目録というものを作っていくことも重要になりますが、その内容は一つの史料が一つの内容に限られるわけでもなく、はじめから整理方法をよく考えておく必要があります。

 

山梨県早川町の旧家から発見された文書の断片から歴史的な事実が明らかになった例が示されています。

その家は江戸期以前から材木の切り出しと出荷をやっていたそうですが、部分的に名前と材木の送り先だけが記された手紙のようでした。

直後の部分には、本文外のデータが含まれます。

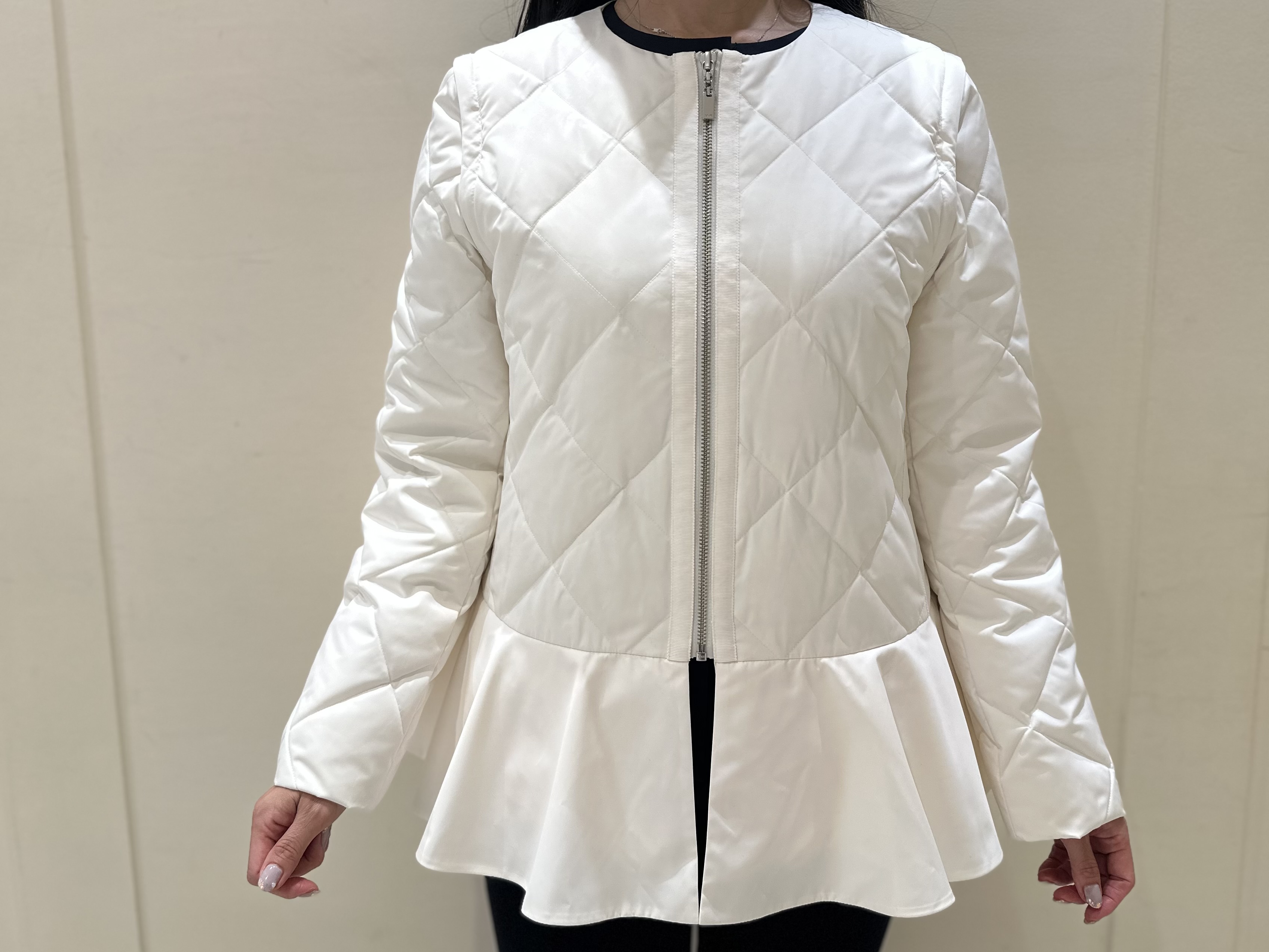 頼れるアウターはこれ！2wayペプラムダウンジャケットが入荷しました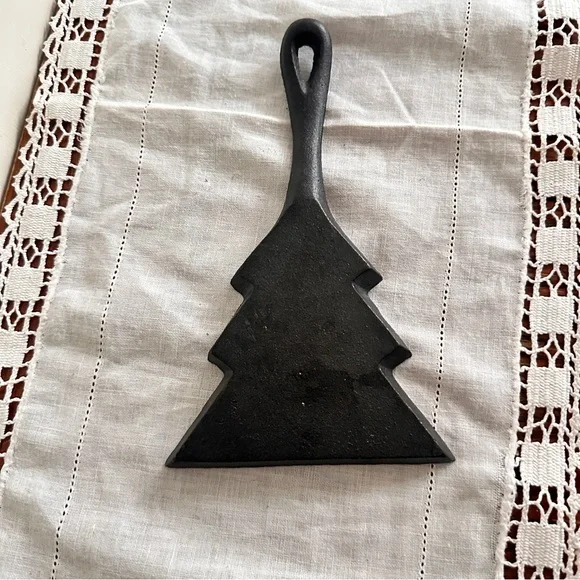 Cast iron Christmas tree pan - Picture 3 of 3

その単語を調べるとどうやら徳川家康が関係しているようです。

さらに、年代も文禄元年であることが確定しました。

しかし、そうするとおかしな点が出てきます。

その時には家康は駿府から江戸に移封された時であり、甲斐の領地も取り上げられて秀吉子飼いの加藤氏に与えられていました。

秀吉の家康警戒は厳しく、城の建築などは警戒されていたはずでした。

それでもかつての領主の家康に材木納入ができたのかどうか、この手紙の断片からこのようなサスペンスとミステリーが浮かび上がってきたのでした。

 

古文書の解読、非常に興味深いものでした。しかし、あの崩し字を読むのは難しそうです。